Mowbray, whose normal expression is one of complete despair for the future of the race, is the survivor of some 293 movies of obviously varied quality. Most of these featured him as some sort of unmanageable churl, a type he portrays with peerless ease. He has played a butler in only five of these films, yet continually finds himself identified as “the guy who plays the butler.” The only explanation Alan can offer is “those people must have bad memories, or else I make a darned good butler.” Fact is, he does.

The Colonel Flack part is a meaty one. It’s based on an old “Saturday Evening Post” series about a Colonel with a vast capacity for larceny, combined with a love for his fellowman which he nourishes by splitting his questionable gains with less fortunate fellows. As a TV show, this comes off beautifully.

Mr. Mowbray, who really only looks waspish and can deliver a line to match, has been in the acting dodge for about 35 years. A British citizen, he became an actor through a mixup at a theatrical agency. While waiting for a friend at the agency, he was spotted by the man running it and promptly dispatched with a traveling company of an American play called “The Cinderella Man.”

‘Wake Me At 8:00, Officer’

In 1923, he came to New York, where he established residence in Central Park, an interim arrangement until U.S. producers became aware of his presence. This took three months and finally resulted in employment with a Theater Guild road company. Shortly thereafter he was nabbed by the movies.

In the grand old tradition of the acting profession, Mowbray qualifies as a genuine character. A friend of such established imbibers as the late John Barrymore and night club comic Joe E. Lewis, Mowbray has hosted some of Hollywood’s most memorable parties. One particularly memorable was co-hosted by Alan and Lewis. The occasion was the freeing of Chiang Kai-shek by some Chinese bandits who had kidnapped him. Though none of the merrymakers had ever even seen Chiang, it still seemed just cause for a celebration. The party’s peak was reached when all hands spoke to Chiang in China via the long-distance wire.

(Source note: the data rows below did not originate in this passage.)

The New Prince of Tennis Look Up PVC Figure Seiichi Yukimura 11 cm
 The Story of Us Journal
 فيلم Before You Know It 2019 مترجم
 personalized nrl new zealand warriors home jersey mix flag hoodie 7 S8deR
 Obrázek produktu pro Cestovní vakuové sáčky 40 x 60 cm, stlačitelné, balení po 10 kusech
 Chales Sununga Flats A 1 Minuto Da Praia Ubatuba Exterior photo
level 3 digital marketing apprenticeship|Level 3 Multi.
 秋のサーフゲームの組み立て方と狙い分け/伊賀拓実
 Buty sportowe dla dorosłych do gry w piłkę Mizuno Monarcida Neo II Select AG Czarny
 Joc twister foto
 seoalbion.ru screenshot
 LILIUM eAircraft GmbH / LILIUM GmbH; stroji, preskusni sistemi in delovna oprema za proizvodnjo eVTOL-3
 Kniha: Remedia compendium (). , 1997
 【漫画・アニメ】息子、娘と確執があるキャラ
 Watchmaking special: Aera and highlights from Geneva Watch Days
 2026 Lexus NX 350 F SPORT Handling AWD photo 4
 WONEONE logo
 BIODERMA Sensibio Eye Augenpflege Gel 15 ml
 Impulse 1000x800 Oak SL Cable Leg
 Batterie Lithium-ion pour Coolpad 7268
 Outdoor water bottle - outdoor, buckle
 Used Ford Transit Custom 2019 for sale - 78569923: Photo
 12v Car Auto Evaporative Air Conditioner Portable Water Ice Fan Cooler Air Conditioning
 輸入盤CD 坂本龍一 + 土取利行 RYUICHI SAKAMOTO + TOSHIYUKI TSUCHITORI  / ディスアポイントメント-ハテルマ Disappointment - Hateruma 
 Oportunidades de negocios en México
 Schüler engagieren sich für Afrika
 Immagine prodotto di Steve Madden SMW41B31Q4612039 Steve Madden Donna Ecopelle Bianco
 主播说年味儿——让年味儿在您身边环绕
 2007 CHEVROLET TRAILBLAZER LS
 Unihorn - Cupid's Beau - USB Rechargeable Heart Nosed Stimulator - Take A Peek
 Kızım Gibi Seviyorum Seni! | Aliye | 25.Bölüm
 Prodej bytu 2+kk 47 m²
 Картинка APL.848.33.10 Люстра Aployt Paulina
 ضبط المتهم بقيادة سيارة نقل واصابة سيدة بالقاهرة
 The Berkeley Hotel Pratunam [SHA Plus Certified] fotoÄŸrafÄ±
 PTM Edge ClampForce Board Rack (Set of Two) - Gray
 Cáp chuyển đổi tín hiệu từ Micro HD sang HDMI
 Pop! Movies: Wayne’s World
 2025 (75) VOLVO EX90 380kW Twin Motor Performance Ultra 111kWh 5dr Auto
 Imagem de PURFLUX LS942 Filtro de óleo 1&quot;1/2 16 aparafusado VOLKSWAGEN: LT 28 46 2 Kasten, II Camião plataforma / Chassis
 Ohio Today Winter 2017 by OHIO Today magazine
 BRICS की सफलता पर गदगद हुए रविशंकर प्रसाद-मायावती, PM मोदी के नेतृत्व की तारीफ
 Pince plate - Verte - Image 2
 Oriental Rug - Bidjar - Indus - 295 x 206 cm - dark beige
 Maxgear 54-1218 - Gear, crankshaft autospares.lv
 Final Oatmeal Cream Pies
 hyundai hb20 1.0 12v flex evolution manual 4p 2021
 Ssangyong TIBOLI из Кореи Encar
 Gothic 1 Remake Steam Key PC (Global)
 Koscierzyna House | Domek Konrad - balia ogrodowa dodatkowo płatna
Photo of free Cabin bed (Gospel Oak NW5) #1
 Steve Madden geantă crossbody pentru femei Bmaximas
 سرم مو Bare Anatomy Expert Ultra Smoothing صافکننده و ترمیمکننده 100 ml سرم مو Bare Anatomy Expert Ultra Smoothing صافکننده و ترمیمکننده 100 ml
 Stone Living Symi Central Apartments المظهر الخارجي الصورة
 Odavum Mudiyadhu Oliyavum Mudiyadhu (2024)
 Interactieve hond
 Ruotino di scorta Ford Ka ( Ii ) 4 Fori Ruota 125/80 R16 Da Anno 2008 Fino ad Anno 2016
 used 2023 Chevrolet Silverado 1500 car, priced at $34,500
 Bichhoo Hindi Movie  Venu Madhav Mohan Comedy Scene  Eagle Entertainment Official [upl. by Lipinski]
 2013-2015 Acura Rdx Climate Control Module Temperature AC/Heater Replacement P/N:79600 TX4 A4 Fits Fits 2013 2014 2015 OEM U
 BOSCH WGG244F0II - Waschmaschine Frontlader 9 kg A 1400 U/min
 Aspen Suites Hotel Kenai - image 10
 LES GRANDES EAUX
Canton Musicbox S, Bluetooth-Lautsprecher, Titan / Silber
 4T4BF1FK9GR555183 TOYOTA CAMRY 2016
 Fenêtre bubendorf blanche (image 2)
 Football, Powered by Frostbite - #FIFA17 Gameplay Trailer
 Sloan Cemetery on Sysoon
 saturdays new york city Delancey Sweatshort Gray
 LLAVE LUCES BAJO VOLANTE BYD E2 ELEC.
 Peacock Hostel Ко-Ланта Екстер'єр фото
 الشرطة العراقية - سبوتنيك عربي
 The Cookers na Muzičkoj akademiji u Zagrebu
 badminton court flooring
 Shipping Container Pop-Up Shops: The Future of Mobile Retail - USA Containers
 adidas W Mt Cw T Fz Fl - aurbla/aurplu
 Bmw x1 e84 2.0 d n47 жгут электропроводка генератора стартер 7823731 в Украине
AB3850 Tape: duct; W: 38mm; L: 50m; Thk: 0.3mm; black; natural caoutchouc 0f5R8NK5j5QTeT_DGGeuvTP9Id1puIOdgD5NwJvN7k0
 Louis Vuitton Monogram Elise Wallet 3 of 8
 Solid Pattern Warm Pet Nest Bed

Mr. Mowbray, in spite of those 293 movies, has been busy on other fronts. He was a flyer in the RAF in the First World War and is still an aviation bug. He has entertained U.S. troops all over the world for years and his work for the U.S. Air Force has gained him an entree into practically all our Air Force bases. He even wrote a play about jet pilots in Korea, “Flame-out,” that came within a few hundred miles of Broadway before dying in Washington, after backers decided a New York newspaper strike would prevent sufficient publicity. Mowbray still feels that it was a potential hit through word-of-mouth and claims audiences on the road loved it. He has since authored four movie scripts and has another play ready for production at the Pasadena Playhouse.

In his piloting hobby, Alan recently passed the 100,000-mile mark and has flown Air Force jets. He has also passed the urge on to his son, Alan, Jr., who is in the U.S. Air Force.

As Colonel Flack, Alan may be another of those movie players who had modest success on the screen, then blossomed into full-fledged stars on television. As a shady dealer with a touch of Robin Hood, Mowbray, for a change, is playing a character people can warm up to. Strictly a fictional chicaner, Mowbray finds the Flack role has drawbacks. A recent script called for him to weasel out of a restaurant check by finding a piece of glass in his soup. A few weeks later, he did find a piece of glass in his soup, while dining at a Broadway restaurant. He was about to complain, then decided that the waiter might have seen the show.

Mowbray is still a British citizen, though he accuses his wife, a Chicagoan to whom he’s been married for 23 years, of being a foreigner. Besides Alan, Jr., they also have a daughter, Patricia, a 22-year-old with acting aims which may be fulfilled when she appears in her father’s latest play.

Frank Jenks, left, and Alan Mowbray: larceny in their minds, charity in their hearts.

Alan Mowbray’s ‘Colonel Flack’ Is A 20th Century Robin Hood

Mowbray and Diana Wynyard in ‘Where Sinners Meet’, 1934. It may be on TV.

As Lord Hamilton in ‘That Hamilton Woman’, one of the more successful of his films.

Today: Mowbray takes time from TV to welcome wife and daughter to New York.